Exabyss Records Bandcamp

I usually shirk away from reviewing most ambient music because I am not all that skilled at expounding on what works or doesn’t work. I can say at least that Voidmorf is comprised of several members and that they are undoubtedly proficient at creating crisp, well-produced, and pleasant sounds of cosmic ambiance to create musical structures that just sort of float along, thereby somewhat effectively achieving the nebulous vacuity of space. Beyond All The Light is not a particularly bad album by any means.

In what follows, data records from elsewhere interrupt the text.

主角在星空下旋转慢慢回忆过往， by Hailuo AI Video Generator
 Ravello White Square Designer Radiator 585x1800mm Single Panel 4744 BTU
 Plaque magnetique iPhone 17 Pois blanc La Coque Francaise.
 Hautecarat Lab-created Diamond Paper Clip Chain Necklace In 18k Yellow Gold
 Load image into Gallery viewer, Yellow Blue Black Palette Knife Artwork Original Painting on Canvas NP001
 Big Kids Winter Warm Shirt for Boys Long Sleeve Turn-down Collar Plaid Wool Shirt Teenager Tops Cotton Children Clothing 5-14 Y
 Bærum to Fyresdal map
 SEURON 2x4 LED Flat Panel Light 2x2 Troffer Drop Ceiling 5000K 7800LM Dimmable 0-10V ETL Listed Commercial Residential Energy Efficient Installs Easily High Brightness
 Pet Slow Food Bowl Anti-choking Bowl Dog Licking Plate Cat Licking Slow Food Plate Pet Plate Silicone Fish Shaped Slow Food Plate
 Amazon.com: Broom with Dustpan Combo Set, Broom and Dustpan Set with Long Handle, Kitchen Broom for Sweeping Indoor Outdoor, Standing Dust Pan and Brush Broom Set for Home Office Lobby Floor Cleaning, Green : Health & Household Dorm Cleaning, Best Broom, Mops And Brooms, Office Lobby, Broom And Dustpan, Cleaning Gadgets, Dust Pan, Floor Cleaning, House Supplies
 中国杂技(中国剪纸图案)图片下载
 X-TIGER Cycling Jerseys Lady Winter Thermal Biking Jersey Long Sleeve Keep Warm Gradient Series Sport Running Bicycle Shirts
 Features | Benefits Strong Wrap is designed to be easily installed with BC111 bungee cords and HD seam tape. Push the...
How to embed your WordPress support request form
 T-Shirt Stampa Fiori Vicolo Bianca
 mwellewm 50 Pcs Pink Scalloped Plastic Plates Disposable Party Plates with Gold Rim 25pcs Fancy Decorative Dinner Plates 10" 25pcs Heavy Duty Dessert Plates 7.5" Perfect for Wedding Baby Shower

Expertise however does not always mean a good album will be created.

I am at a loss to really make any other significant observations about this album because Beyond All The Space falls in step with other space themed ambient albums that I have heard: high production values, quark pulses, hyperspace transmission bleeps, epic song lengths, melodramatic motifs, broad and panoramic interplanetary tones, scientific “social commentary” snippets, large room reverb with light-year long decays, and of course, song titles that address and obviate the theme at hand. Most of the tracks feature space-chaos random synth collisions that incidentally create melodies, harmonies and patterns as song structures are eschewed in favor of emotion. A couple of tracks, such as “Infinitesimal Atoms And Molecules As Miniature Solar Systems” feature a rhythmic element, but one that seems superimposed and diaphanous. Most of the album progresses unobtrusively for the most part, and resembles (to me) something that could be great bed music for Neil DeGrasse Tyson than something that really stands on its own.

The use of virile, non-serif fonts together with gratuitously layered visual-filter assaults harkens back to the early and mid 90’s – a style that makes me cringe every time I look at my old Front 242 tapes. These conventions are, unfortunately, the most salient aspects of Beyond All The Light…used in this day and age, I find these high-school lit mag grade choices to be supercilious and atrocious. Check the back of the digipack for a particularly poorly chosen illustration, where a solid black background and maybe some text would have sufficed. While probably not their intent, if Voidmorf was going for the smug “trench coat/cold war spectacles guy with a laptop” effect, then they may have succeeded, visually. For this kind of stuff, I’d say The Place Where The Black Stars Hang is a perfect reference point…I’ll take a 1000 rip offs of the reissued black and white album cover any day.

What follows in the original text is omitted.